Your instructions — Copy every record word for word. Pictures are not part of the copy.

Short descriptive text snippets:
★ ★ ★ ★
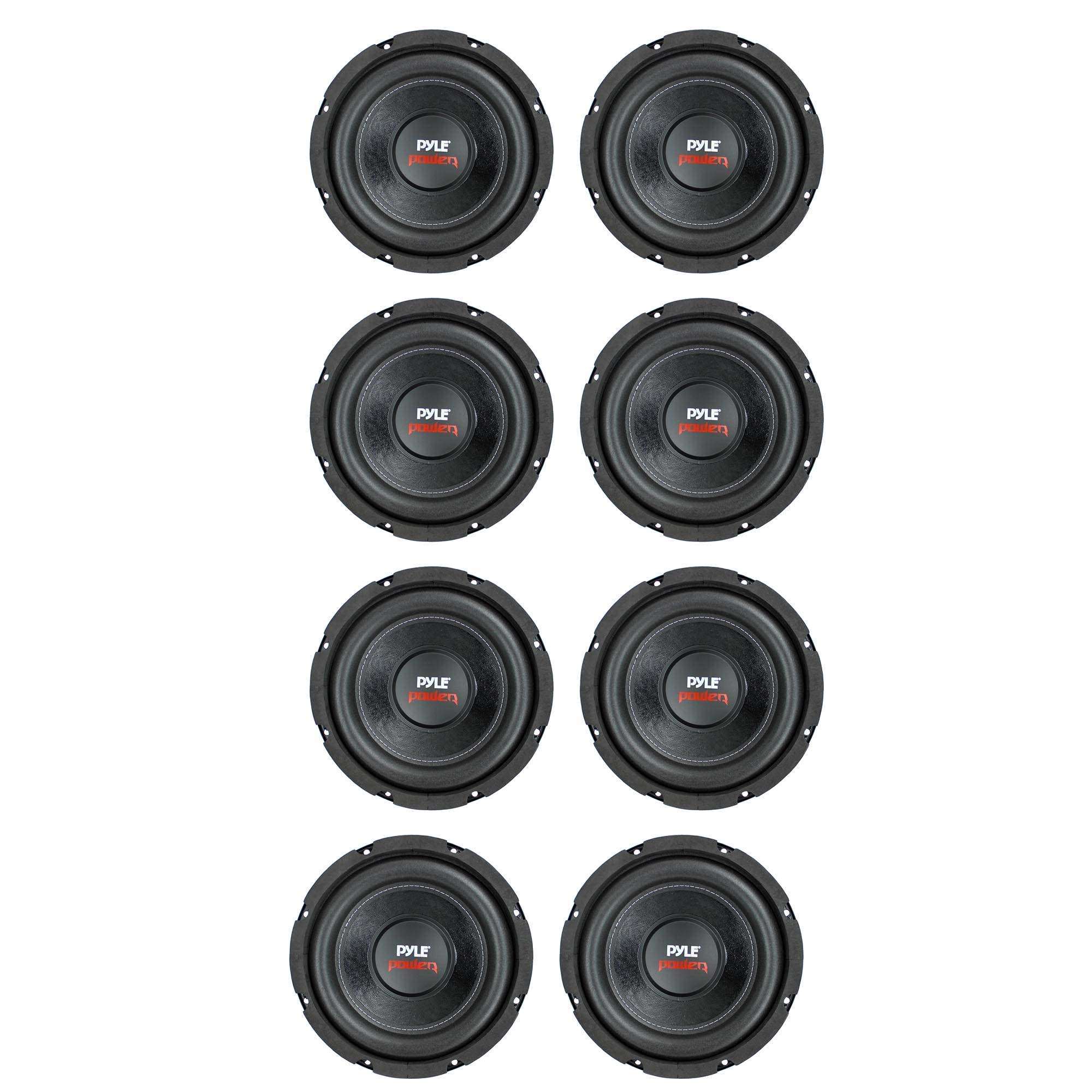 Pyle PLPW8D 8" 800W Car Audio Subwoofer Sub Power Woofer 4 Ohm Black (8 Pack) 1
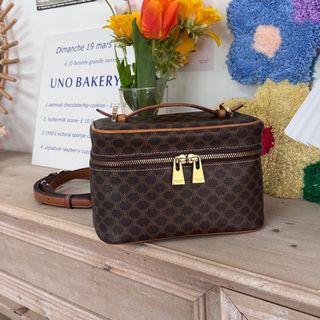 Celine Vintage Vanity Bag 中古老花化妝箱 中古celine 化妝包 化妝袋 Celine 老花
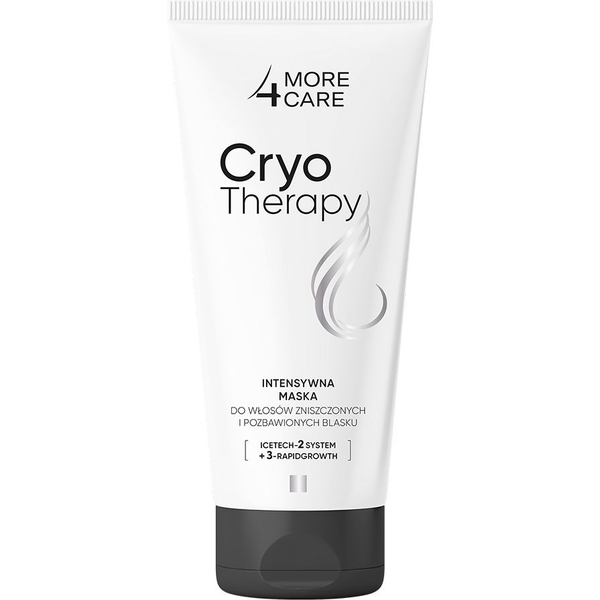 Маска для волосся More4Care Cryo Therapy Intensive Mask для пошкодженого і тьмяного волосся 200 мл - Pampik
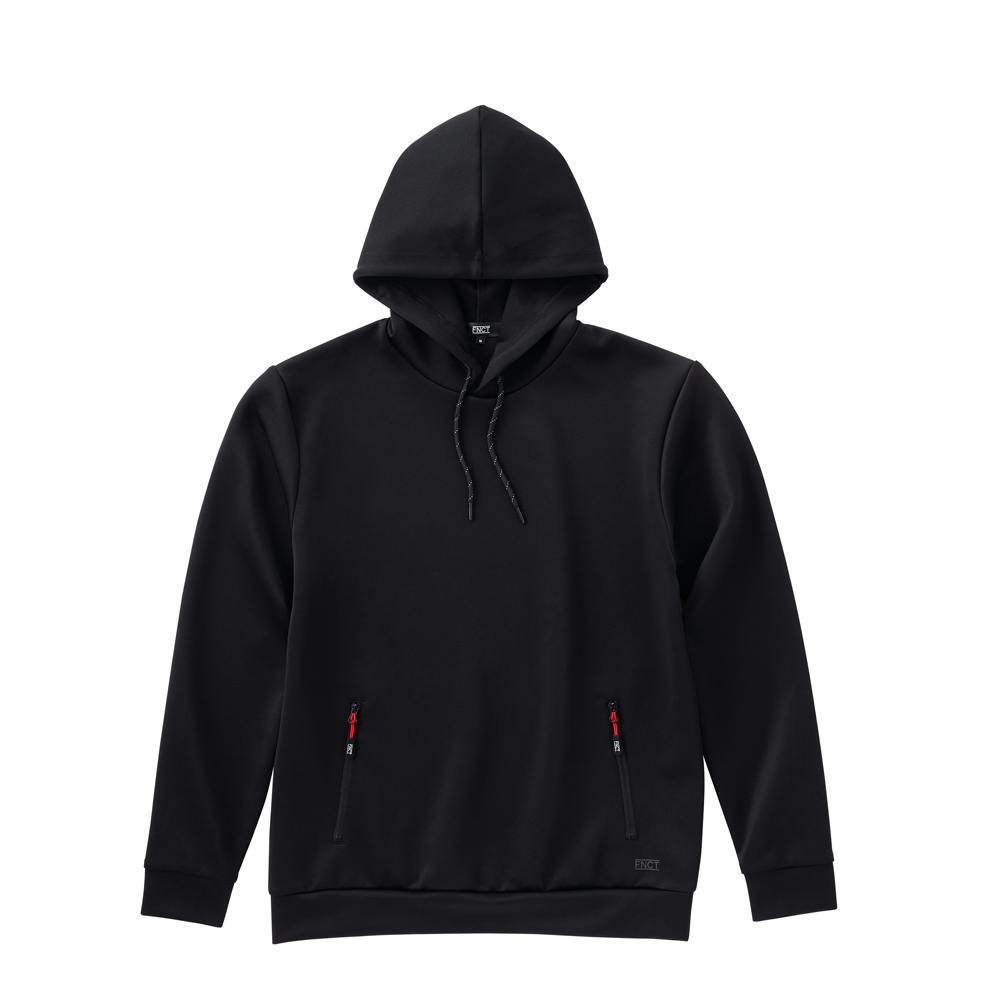 アイリスオーヤマ ストレッチフーディープルオーバー S ブラック FC21403-BKS【別送品】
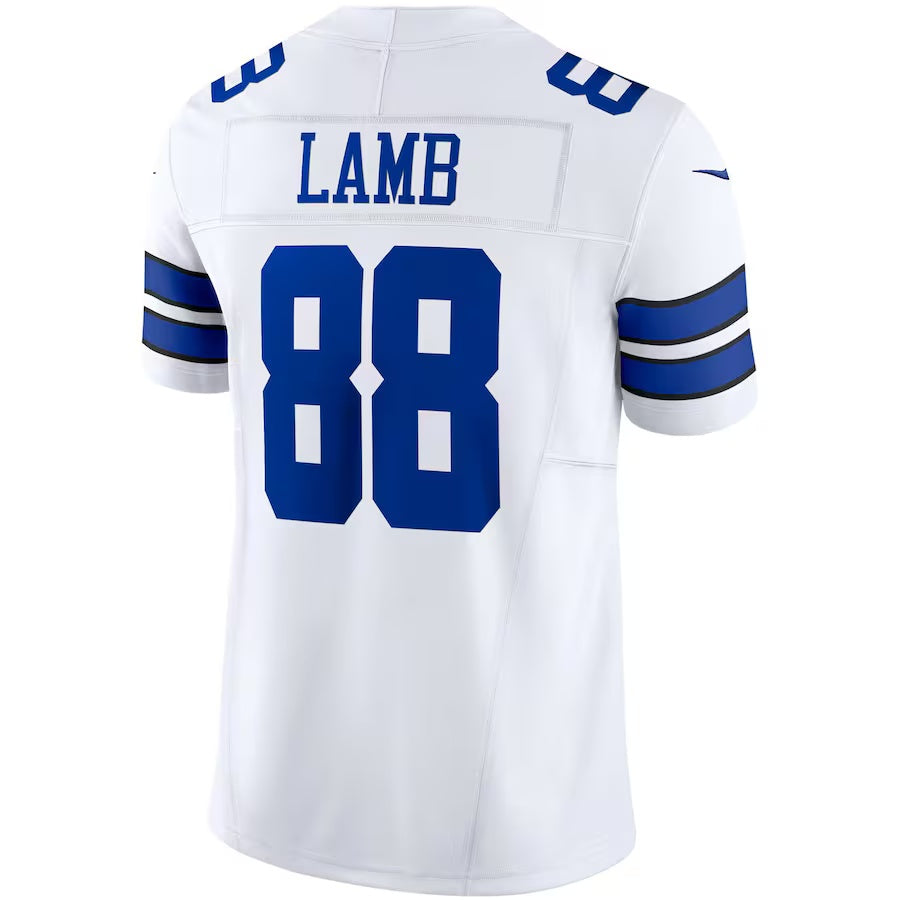 D.Cowboys #88 CeeDee Lamb White Vapor F.U.S.E. Limited Jersey American Football Jersey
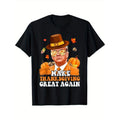 Make Thanksgiving Great Again" Funny Trump T-Shirt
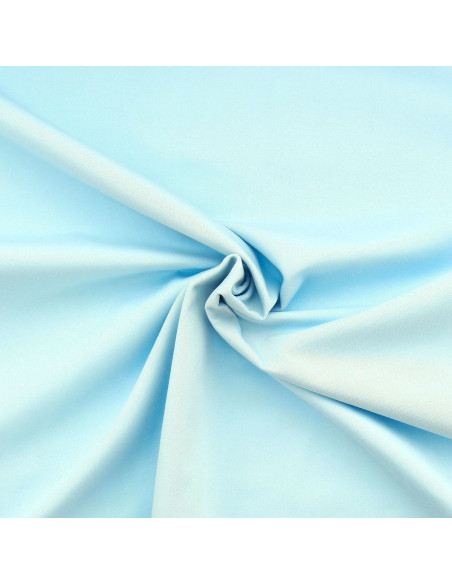 Tejido gabardina policotón - Azul bebé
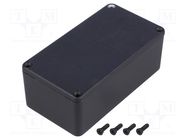 Enclosure: multipurpose; X: 60mm; Y: 112mm; Z: 42mm; 1590W; aluminium HAMMOND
★ ★ ★ ★
Reply —
 Pyle PLPW8D 8" 800W Car Audio Subwoofer Sub Power Woofer 4 Ohm Black (8 Pack) 1
 Celine Vintage Vanity Bag 中古老花化妝箱 中古celine 化妝包 化妝袋 Celine 老花
 Маска для волосся More4Care Cryo Therapy Intensive Mask для пошкодженого і тьмяного волосся 200 мл - Pampik
 アイリスオーヤマ ストレッチフーディープルオーバー S ブラック FC21403-BKS【別送品】
 D.Cowboys #88 CeeDee Lamb White Vapor F.U.S.E. Limited Jersey American Football Jersey
 Make Thanksgiving Great Again" Funny Trump T-Shirt
 Tejido gabardina policotón - Azul bebé
 Enclosure: multipurpose; X: 60mm; Y: 112mm; Z: 42mm; 1590W; aluminium HAMMOND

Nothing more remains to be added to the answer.